Common Market Economics

A common market, also called a single market, refers to an economic agreement between two or more countries that stipulates that the signatory countries establish a free trade area, share a single currency and have the same tariffs on goods imported from non-member countries. Primary example of common markets include the European Union, or EU, and the European Economic Area, or EEA.
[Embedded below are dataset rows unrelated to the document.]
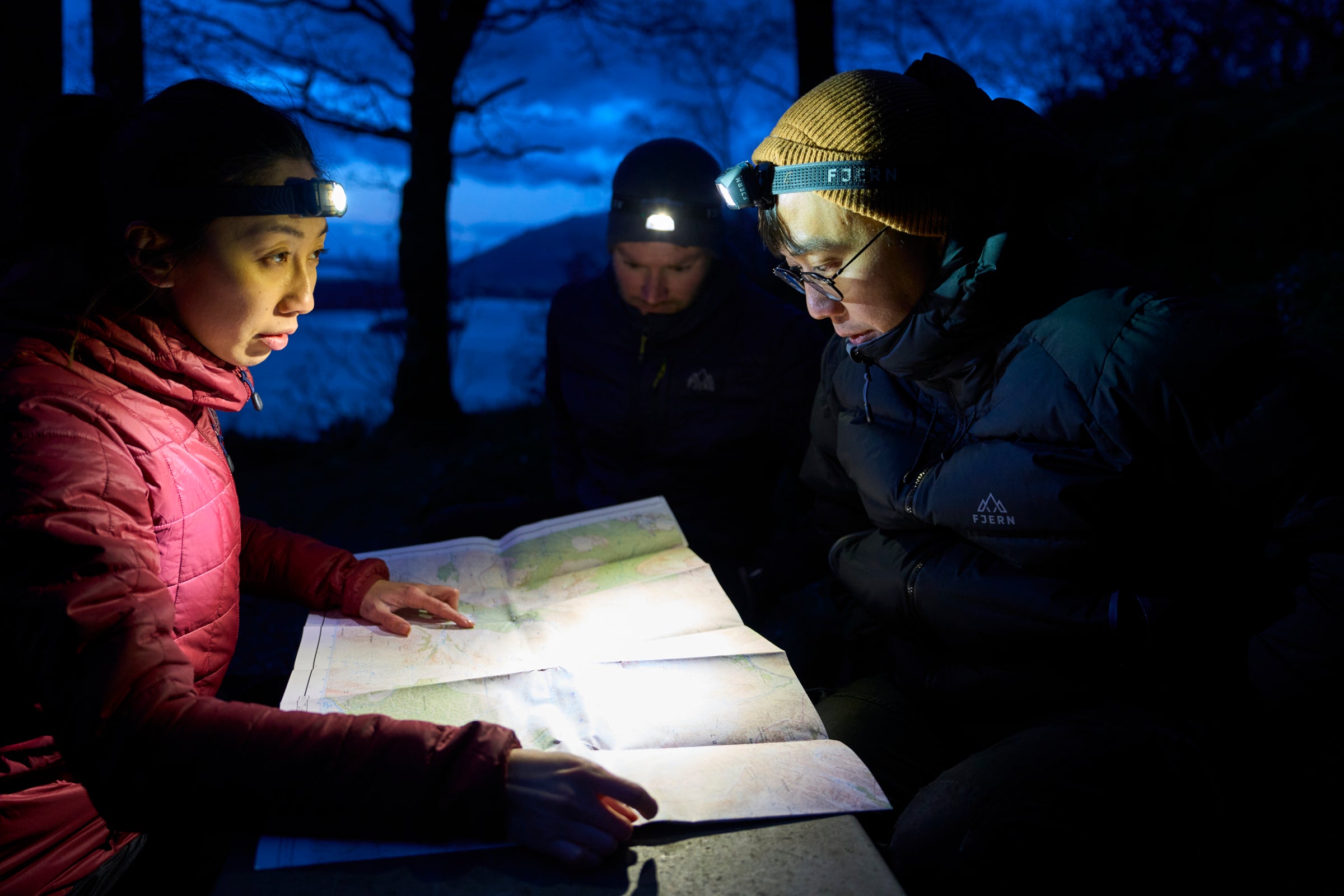Three people wearing headlamp and winter jackets sit together at night, studying a large map illuminated by their headlamps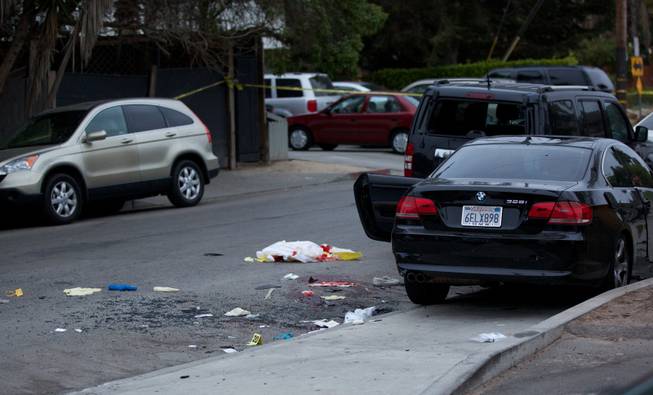Police tape marks off the scene of a drive-by shooting that left seven people dead, including the attacker, and others wounded on Friday, May 23, 2014, in Isla Vista, Calif. 
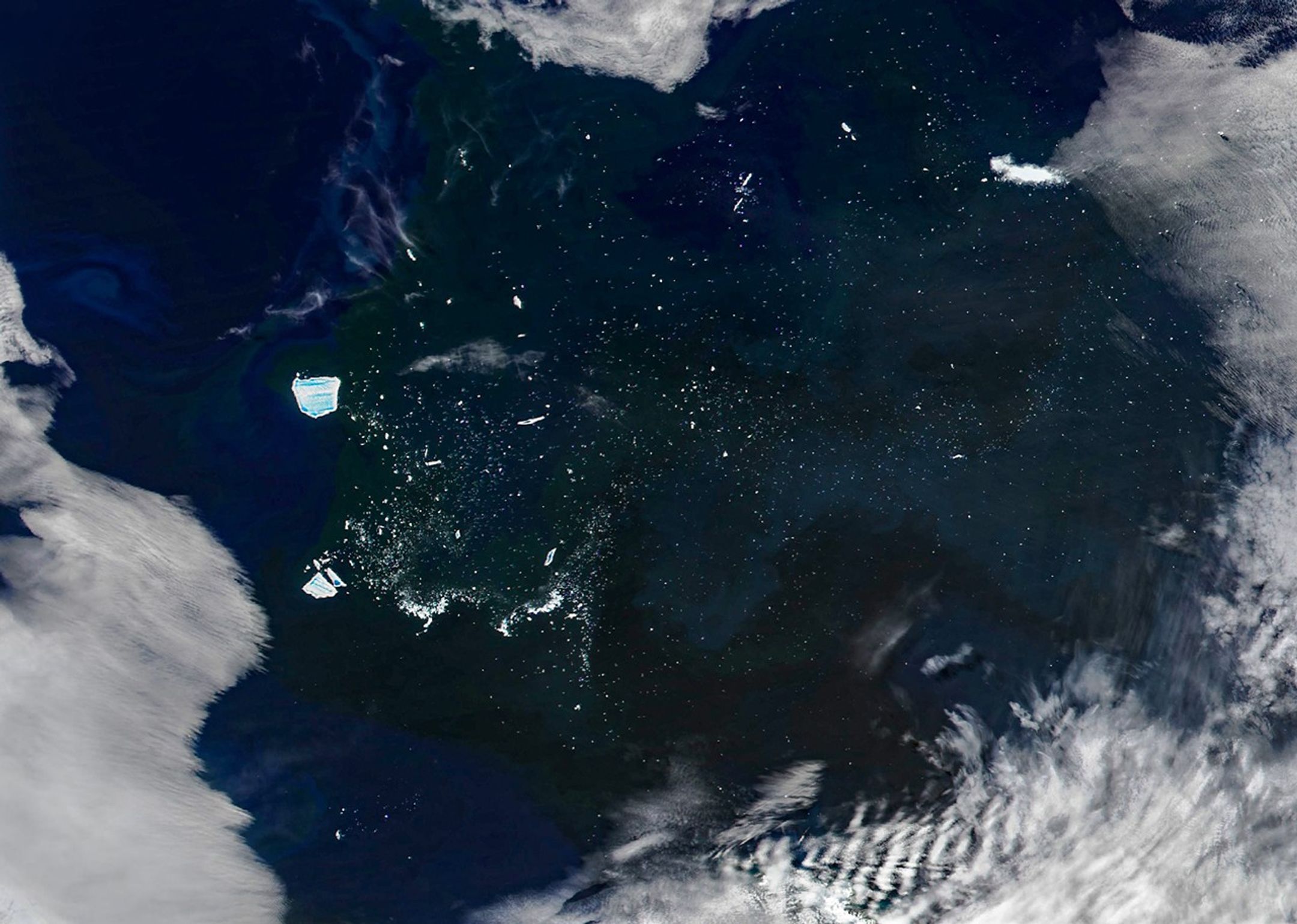 Iceberg A-23A floats in dark ocean waters colored by greenish-blue swirls of phytoplankton. Light blue pools of meltwater are visible on the surface of the iceberg. Much smaller bergs are scattered across a large area east of A-23A. Clouds along the edges of the image frame the scene.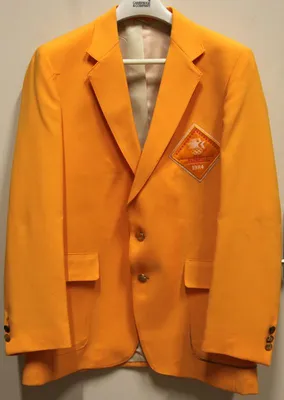 Orange double breasted Blazer with 1984 on badge at chest height.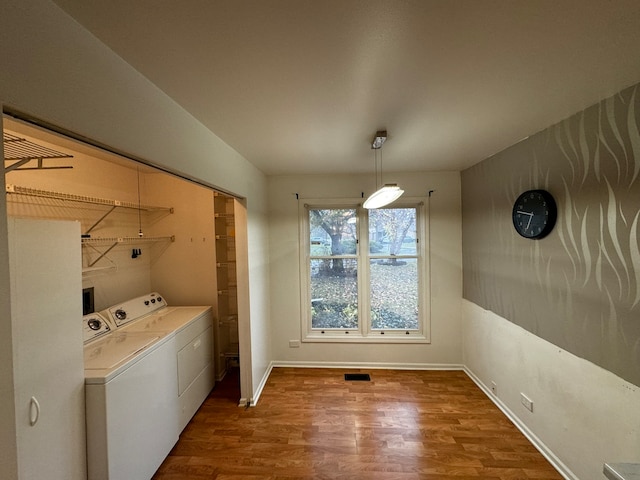 washroom featuring hardwood / wood-style floors and washer and dryer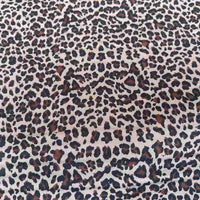 Leopard Print Chiffon Fabric By The Yard in a sheer brown and black animal print pattern.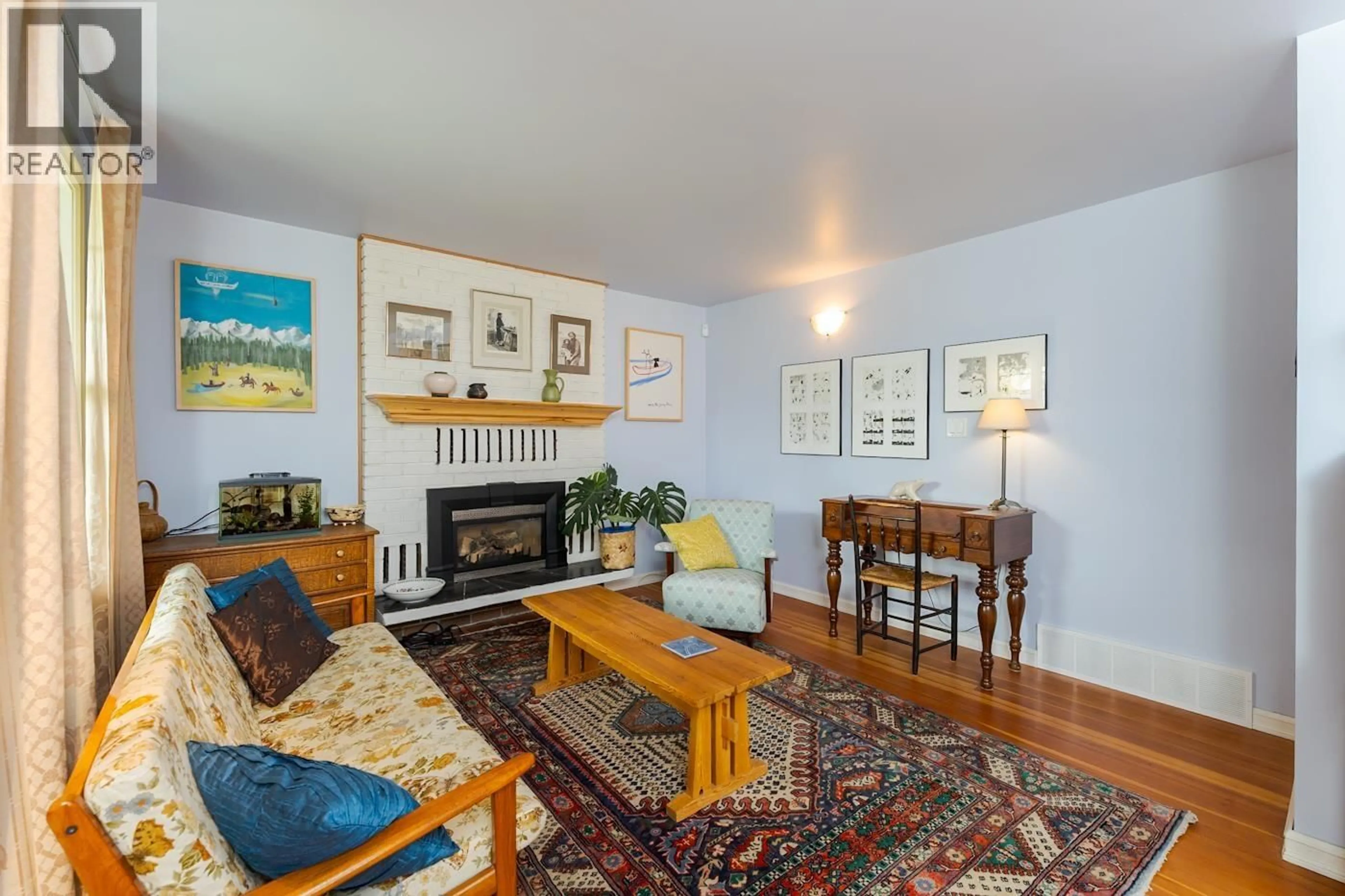 Living room with furniture, wood/laminate floor for 2212 MCBRIDE CRESCENT, Prince George British Columbia V2M1Z7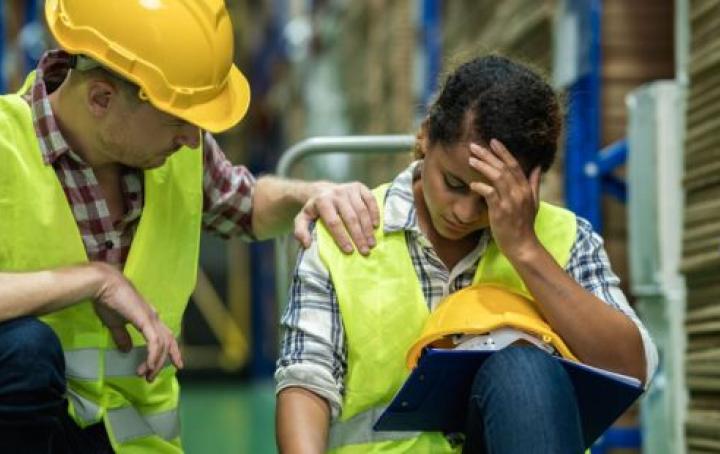 A white male warehouse worker in a red check shirt, hi-vis jacket and yellow hard hat puts their hand comfortingly on the shoulder of a Black female co-worker wearing a blue check shirt and hi -via jacket. She is sitting with one hand on her forehead and looks upset.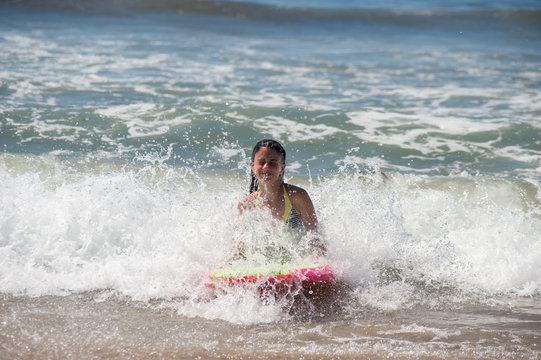 Girl child getting splashed in the face as she rides the boogie board.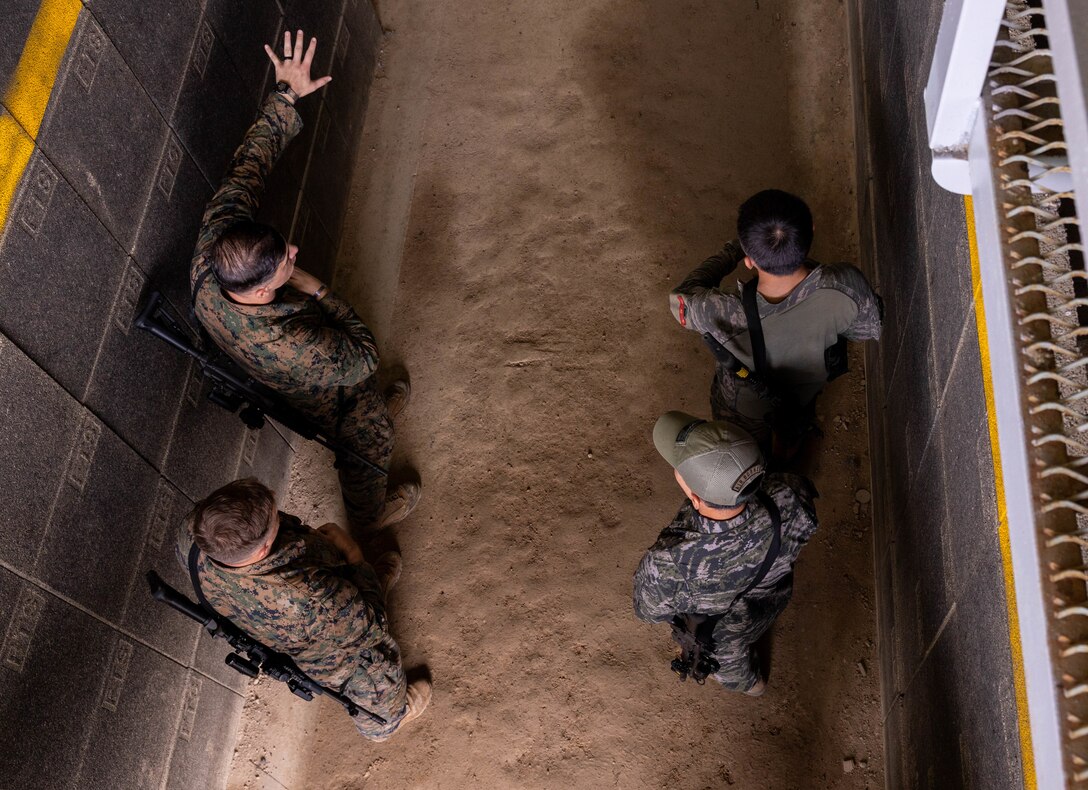 U.S. Marines with 2nd Battalion, 23rd Marines, forward deployed with 4th Marine Regiment, 3d Marine Division as part of the Unit Deployment Program, discuss military operations in urban terrain techniques with Republic of Korea Marines with 1st Marine Division, ROK, during the Korean Marine Exercise Program 25.2 in Pohang, South Korea, July 17, 2025. KMEP is conducted regularly between the ROK and U.S. Marine Corps to increase their combined capabilities through realistic training geared towards deterring threats and maintaining peace in the Indo-Pacific. (U.S. Marine Corps photo by Cpl. Kanoa Thomas)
  1. Efficient Allocation of Resources

    • A bigger market more efficiently allocates resources than a smaller one. As goods, services, capital and workers move across borders as if there were no borders, resources move from places of abundance to where they are needed most. A notable example is high unemployment in one country or region and a shortage of qualified labor in another. As a result of the common market, people from one place can easily move to another place, helping to boost productivity and increase their living standards.

    Economies of Scale

    • A common market is good for business. Selling products or services in a country of 1 million people differs greatly from operating in a market with 350 million potential customers, for example. As companies do not need to comply with a multitude of national regulators but only have to satisfy one common regulator, doing business becomes easier. Consumers benefit, too, through lower prices and higher quality as a result of greater competition between producers.

    Shared Currency

    • Another important aspect of a common market is a single currency. Single currency lowers transaction costs by eliminating the exchange risks and currency conversion fees. Furthermore, a shared currency also allows easier cross-border investments and price comparisons by consumers between countries. For example, if a person in country A goes online and finds a cheaper car in country B, he can order the car from that country, without paying any additional taxes or levies.

    Problems

    • A common market has a number of theoretical as well as practical problems. First, as of February 2011 the implementation of a common market in its pure form has never taken place in any country. The Euro zone comes close, but it still faces many hurdles, and some states still protect their markets from foreign competition, particularly cross-border takeovers. In addition, there are also problems that would be present even in a pure common market. For example, a common market cannot be fully integrated unless people speak a common language, which is difficult provided countries' unique cultural and linguistic heritages. Technical problems also exist. As different regions of the common market may experience different stages of economic cycle, no single monetary policy, such as interest rates, can fully accommodate them. For example, Germany may have high inflation, demanding high interest rates, while Ireland can have deflation and may need low interest rates.